Primero, infraestructuras. Del «no quiero poner ni un puesto de pipas» se pasó a la guerra con el Ayuntamiento por unos terrenos que debían ser para la ciudad deportiva. Tras el ascenso a Primera y el subsiguiente descenso a Segunda con sus correspondientes ayudas, debía tener capacidad la entidad para comprar terrenos. El Ayuntamiento quiso, incluso, dar terrenos en otra zona, pero tampoco. Tenían que ser en donde no podía ser. La guerra estaba servida y, mientras tanto, con denuncia de Tremon de por medio, los campos de entrenamiento continúan siendo los de Camino de Carbonell. Así, el discurso que lógicamente no ha calado debía ser que la culpa (esa palabra que tanto se busca) era de la otra parte.

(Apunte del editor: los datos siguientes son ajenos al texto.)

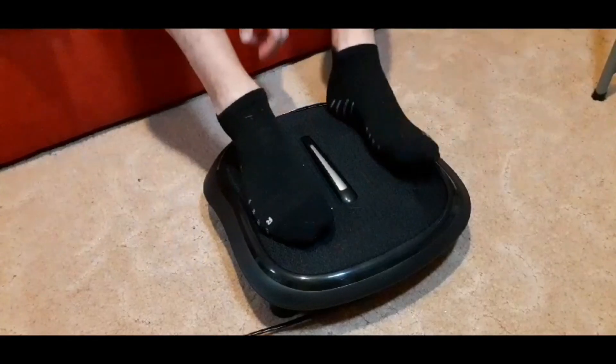Electronic foot massager — how good can that actually be? Yeah, that's good.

Segundo, la afición. El enésimo paso de supuesto acercamiento supuso, de nuevo, el intento de imposición desde la fuerza, no desde la razón o la colaboración. Fuerza y miedo. Porque en esos movimientos con la masa social hay bastantes tics de canguelo. De nuevo, tinta de calamar y la culpa, de la otra parte. Muchos recordarán la recta final de la temporada en Primera. Los entrenamientos eran siempre a puerta cerrada -mandato del Siri de El Arcángel- y sólo se abrieron una mañana para que algunos aficionados, muchos hoy en la grada de animación, montaran una escena a los jugadores. Era la forma de teatralizar que todo se había hecho bien, pero la culpa -de nuevo- era de los jugadores.

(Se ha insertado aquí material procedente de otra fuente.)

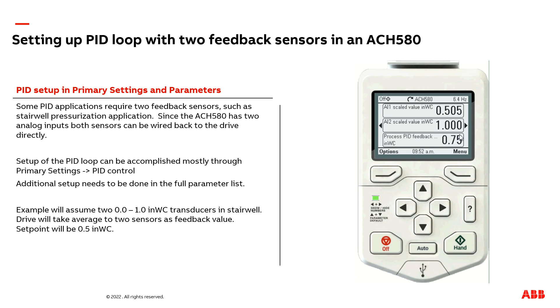Good. It's a good idea to always make sure you check your process feedback is accurate and ranging correctly after you set up your PID loop. This concludes this presentation. If you have any further questions related to this presentation or anything else related to ABB drives, please reach out to your local ABB representative. Thank you.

Hoy por hoy, los comportamientos no cambian. A partir de ahora -ya se avisó en meses anteriores- la presión irá en aumento hacia el vestuario. Sobre todo porque desde el club mismo se facilita esa corriente, una vez agotadas todas las escenificaciones, manifestaciones y acciones, muchas de ellas huecas. Y los futbolistas tendrán la responsabilidad que tengan, pero no la de la composición de la plantilla, la elección de entrenador ni de la inversión que se ha realizado. Tampoco de las instalaciones o de que la gente esté hastiada. Ellos hacen lo que pueden, que es insuficiente por ahora. Pero es el paso que siempre se da desde el club.

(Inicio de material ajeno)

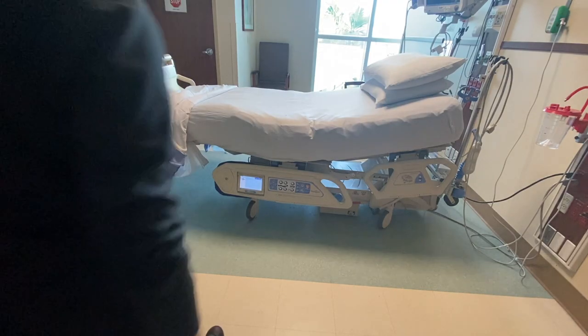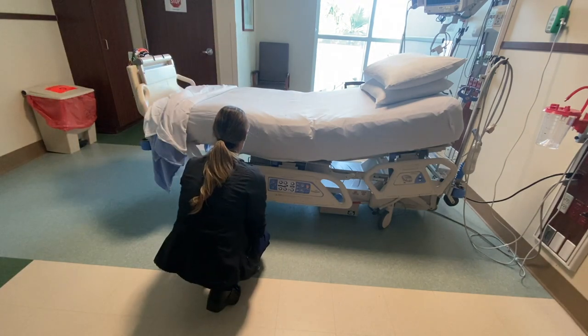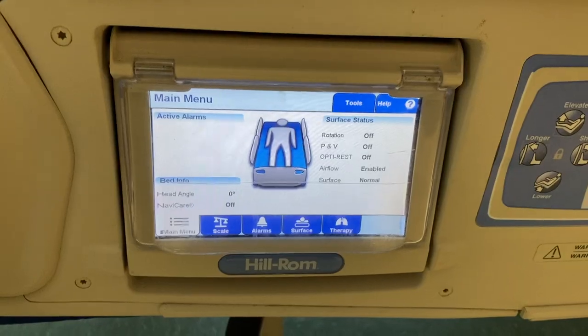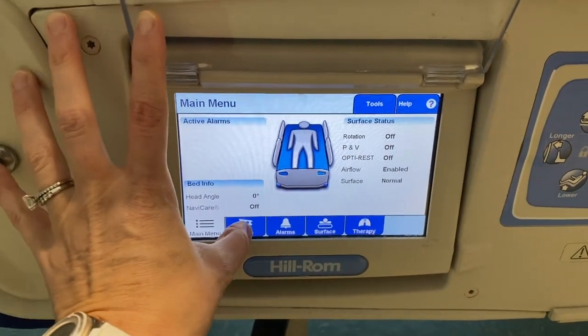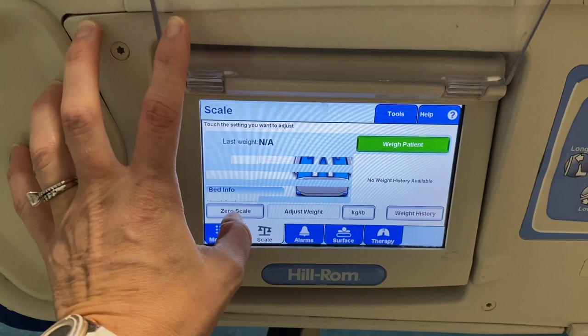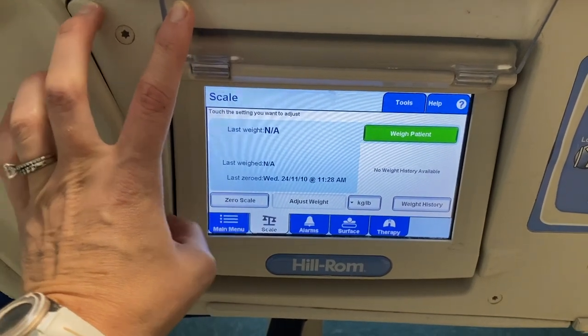First thing I do is I zero the bed. If you have history there, you will want to erase the history, but the history on this one has already been erased. This particular bed, you have to have the head up at least five degrees to zero the bed. So that's what I'm doing now.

Una vez terminada la temporada, con fracaso en los últimos cuatro años, se mira hacia el vestuario de la anterior campaña para señalarlo. «Es que ese vestuario tenía cada elemento...», «no era un buen grupo», como excusa para el mismo fracaso. No influye nunca la intervención contínua en la caseta, esa falta de inversión, el contacto con unos y otros a espaldas del que en teoría ha de mandar. No. Ni de la quimera de aquella «estructura profesional en lo deportivo» de la que se hablaba hace tres o cuatro años. Hasta el punto de destituir a un técnico del alevín, nombre en mayúsculas en la historia, por «los resultados» (?). La culpa, como siempre gusta repetir, siempre corresponde a otros. Ahora, como en tantos antecedentes, todo valdrá para señalar culpables. Todo, menos abrir la caja y dar un paso atrás. Hará falta más tinta de calamar.